Ce que j’aime le moins dans le monde de l’art
L’arrogance et la supériorité.
Est-ce que l’art a des limites ?
Les limites sont toujours poussées, elles se déplacent. Elles sont surtout des barrières mentales qui, pour être dépassées, doivent être expérimentées et remises en question, il en va de même pour l’art.
Mon occupation préférée
Manger et passer le plus de temps que possible dans la cuisine.
Mon drink préféré
Un verre de whisky tard le soir, voire devant le soleil qui se lève.
Ce que je fais quand je ne suis pas inspiré
J’aime sortir, errer, être dehors, aller voir des expositions, des spectacles et passer beaucoup de temps dans les librairies et les brocantes. Mais surtout, quand je suis chez moi, j’aime passer beaucoup de temps dans ma cuisine, manger, ranger, préparer des plats, surtout en famille… J’aime toutes les activités de la cuisine – préparation, nettoyage, rangement. Tout cela m’inspire dans les gestes essentiels, qui font sens et sont nécessaires. Ces gestes m’aident à mettre en place et ordonner ma pensée. C’est pour moi aussi jouissif que d’aller me promener.
Ma drogue préférée
Sans hésitation le café et les plats exceptionnels de Keong-A, ma crocodile !
Mon mot préféré
Infini.
Le mot que je déteste
Apathie.
Ma langue préférée
Le portugnol que je ne maîtrise que très vaguement. Toutes les langues qui se produisent dans les régions où deux ou plusieurs langues coexistent.
Mon rapport au temps
Jorge Luis Borges le résume parfaitement dans son essai Une Nouvelle réfutation du temps. « Le temps est la substance dont je suis fait. Le temps est un fleuve qui m’emporte, mais je suis le fleuve ; c’est un tigre qui me déchire, mais je suis le tigre ; c’est un feu qui me consume, mais je suis le feu ».

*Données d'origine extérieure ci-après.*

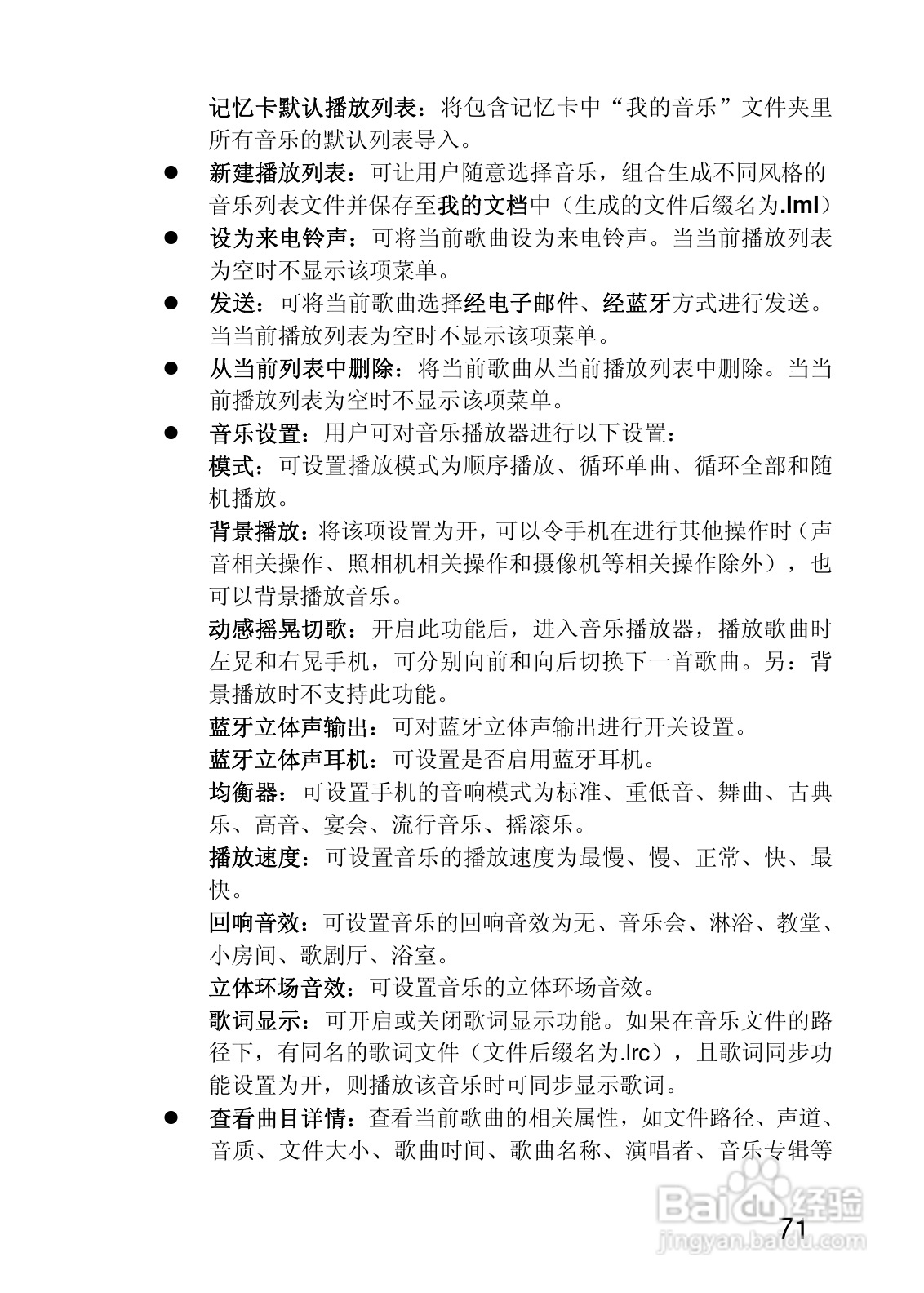 联想Lenovo S900手机使用说明书:[8]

Le rôle du corps dans mon travail
Tout passe par le corps, sa mesure, son échelle, son action. Mon travail développe une série de gestes performatifs où le corps est au centre mais agit dans l’intimité de son action. Mon travail en est la trace. Le corps forge le travail, il est le processus et le matériau même, et il disparaît à un moment donné pour laisser l’œuvre exister. Reste cette présence de son absence qui donne à mon sens toute l’intensité que je recherche dans ma pratique.

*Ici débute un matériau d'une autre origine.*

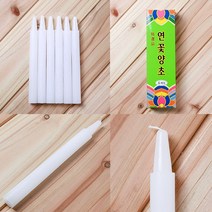 제사초 연꽃양초 절양초 제수용품 양초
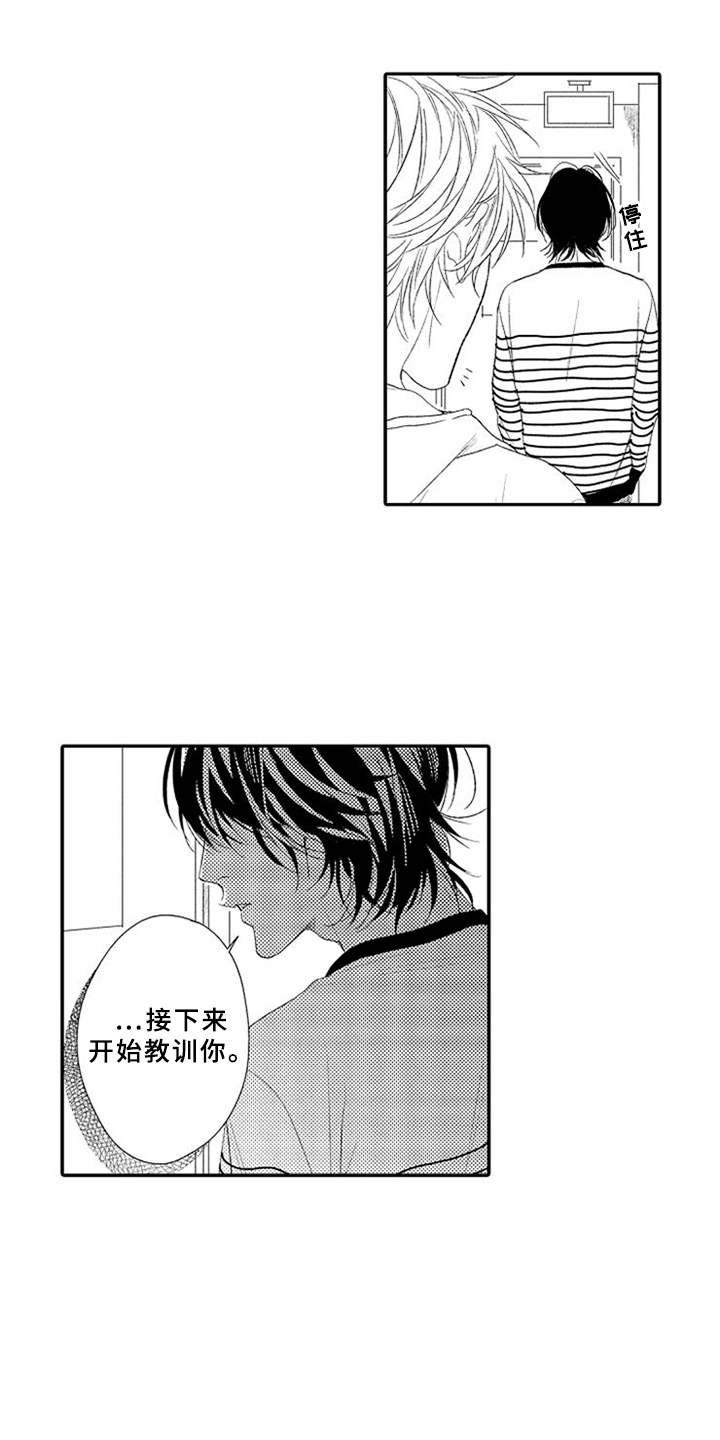 第12章：独处
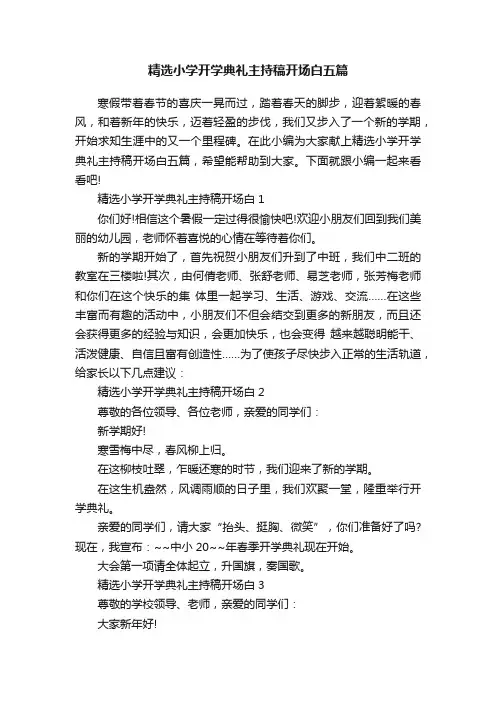 精选小学开学典礼主持稿开场白五篇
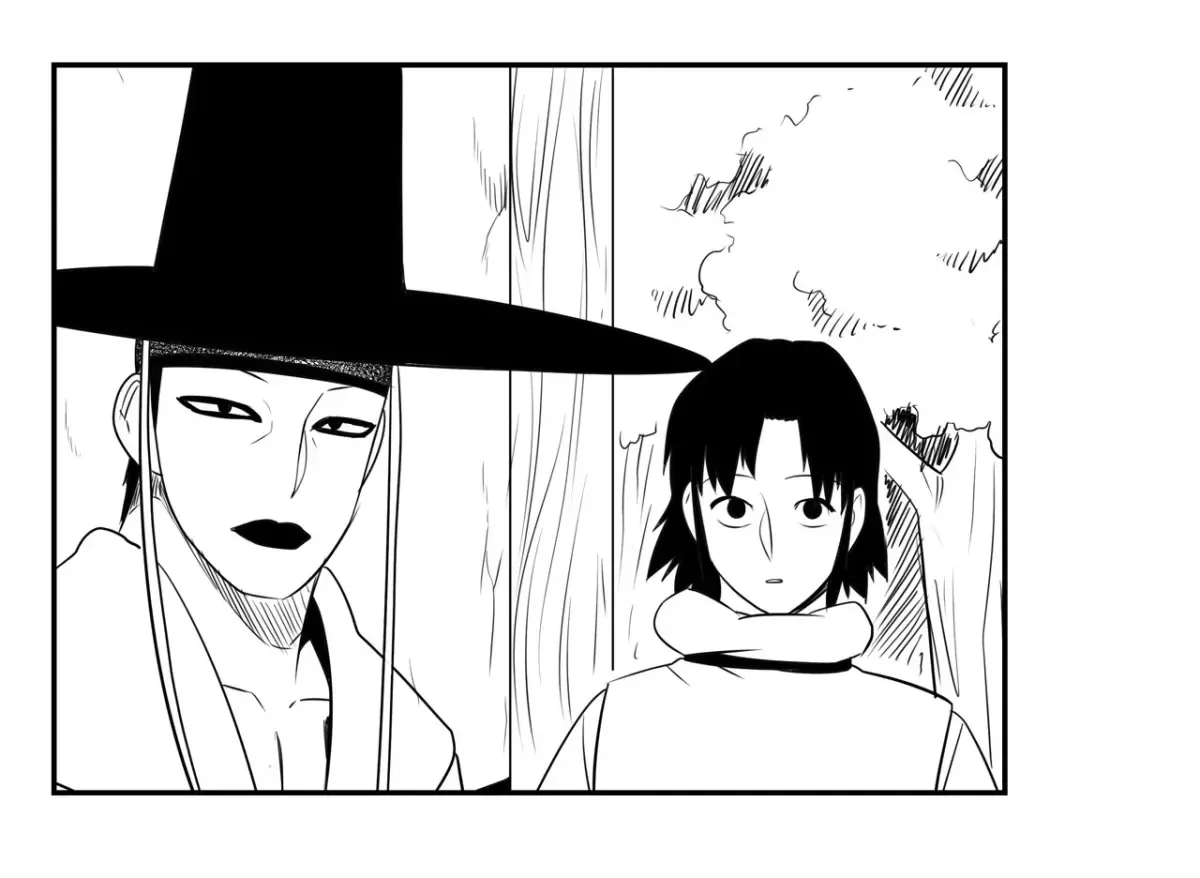 Baeg Dosa Chapter 72 page 76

Le rôle de la politique dans mon travail
Dans mon travail la politique n’est jamais traitée frontalement, mais elle apparaît dès que l’on s’intéresse plus en profondeur au travail et qu’on creuse pour trouver d’autres couches de sens. Tout travail est par essence politique. On n’est jamais neutre par rapport aux contextes dans lesquels le travail est mis en circulation. Dès qu’un travail devient public et commence à exister, il devient une prise de conscience sociale, une pensée politique.
Le rôle de la couleur dans mon travail
S’il y a de la couleur, c’est à des moments très précis, parce que l’œuvre le nécessite. Cela peut être des nuances de bleu ou de rouge par exemple, qui évoquent la matière travaillée à ce moment-là.

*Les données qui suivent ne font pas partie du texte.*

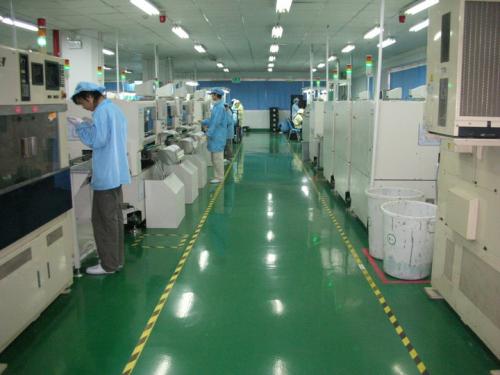 工廠做ISO9001認(rèn)證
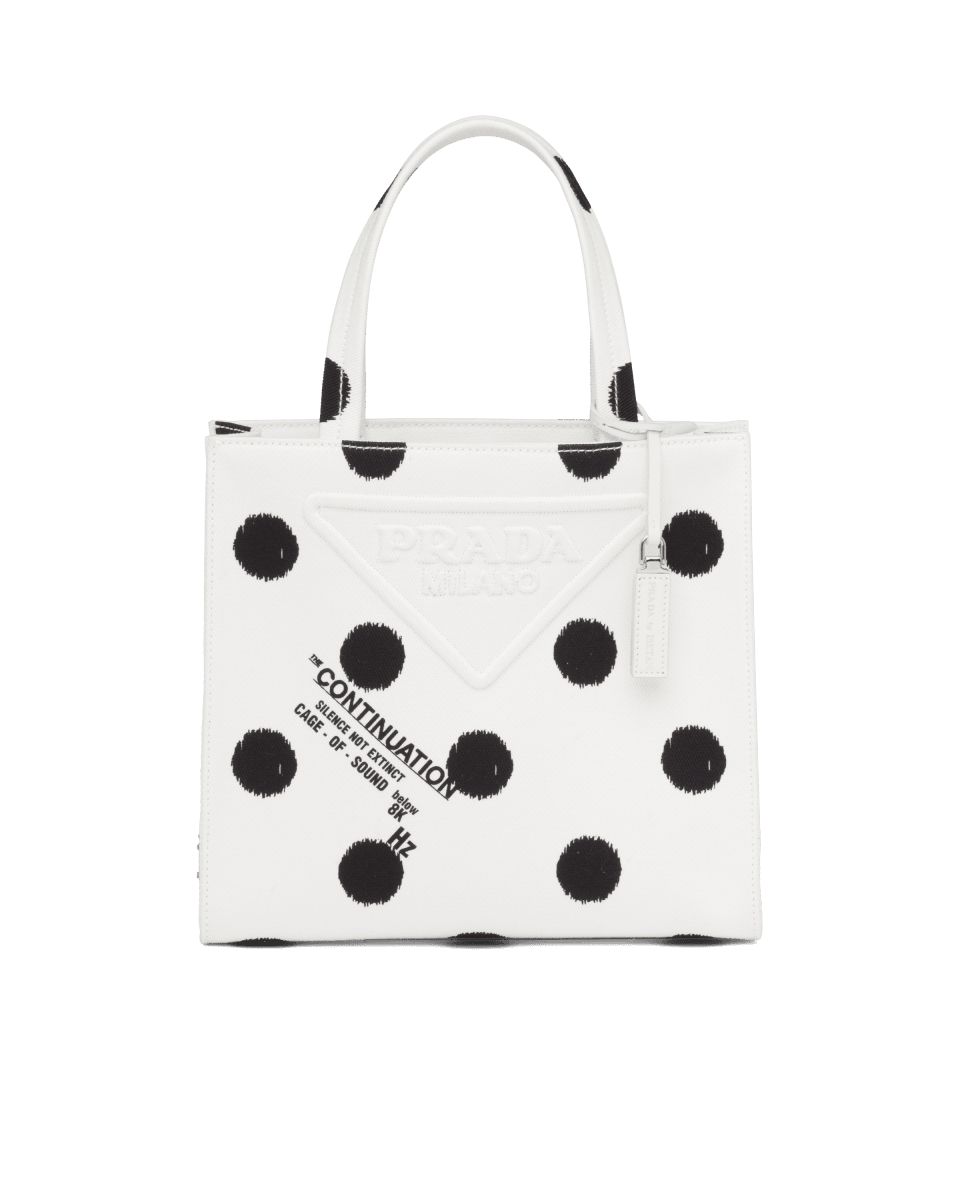 プラダ, ラフ・シモンズ, 2021春夏, ポップアップ, 伊勢丹 - Slide:1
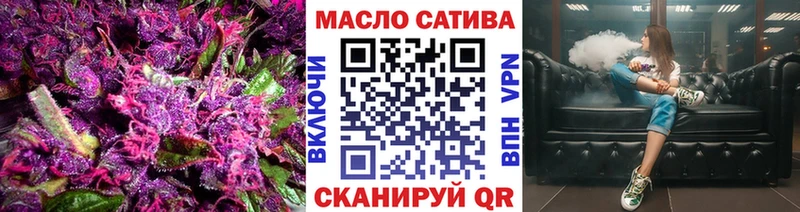 Дистиллят ТГК концентрат  Балахна 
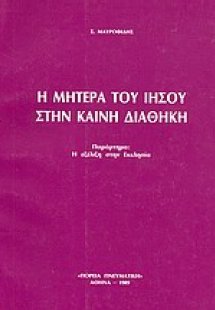Η μητέρα του Ιησού στην Καινή Διαθήκη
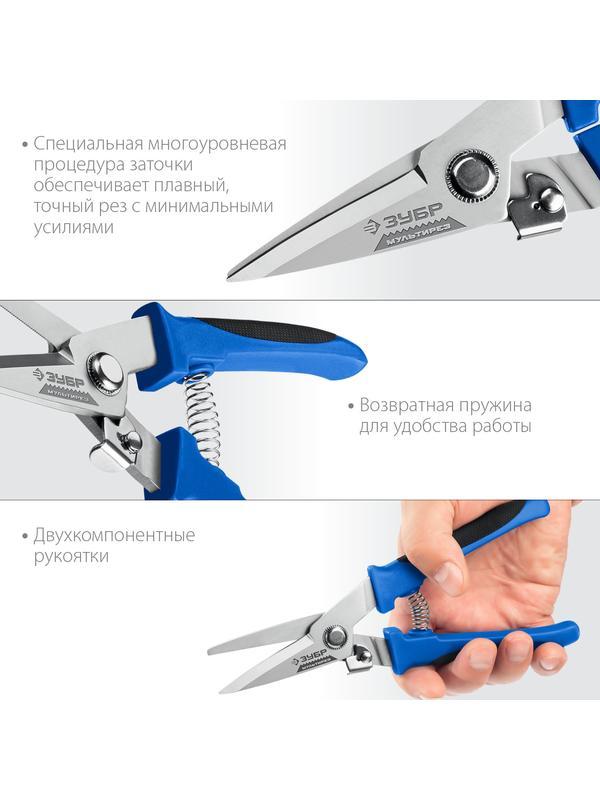 ЗУБР МУЛЬТИРЕЗ, 200 мм, универсальные технические ножницы, Профессионал (23215)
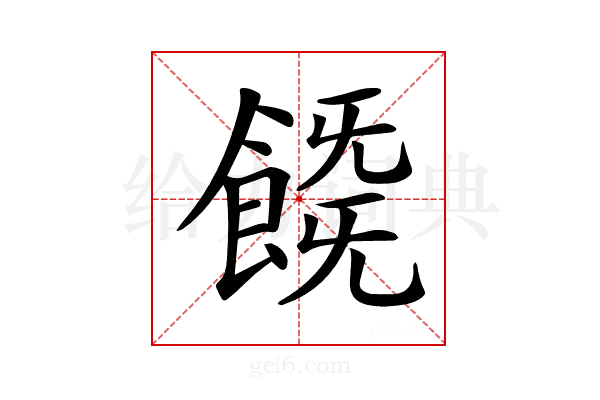 𩜚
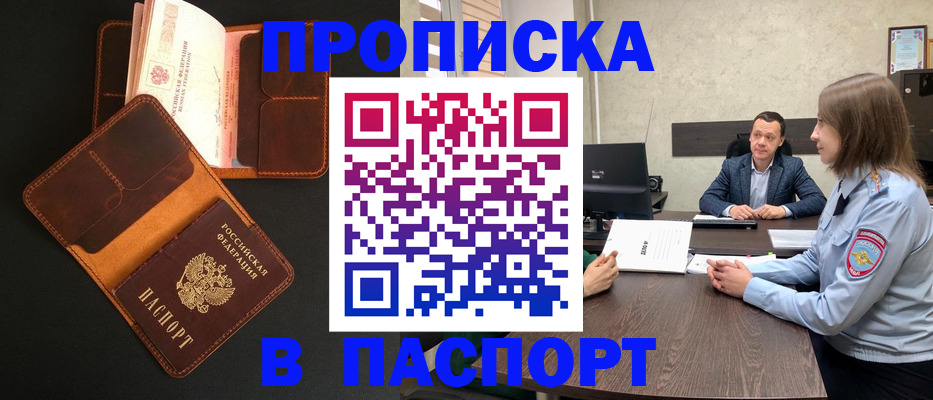 прописка в Семёнове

Le rôle de la nature dans mon travail
Mon travail entretient un lien constant avec les éléments naturels. J’utilise comme matière première le feu, la neige, l’eau de mer, le sel, le vent, le soleil, l’humidité, la terre… Tous ces éléments sont présents, la plupart des fois de manière invisible et impalpable, mais ils restent la matière principale. La nature est aussi mon atelier à ciel ouvert, où j’expérimente et laisse pousser les idées.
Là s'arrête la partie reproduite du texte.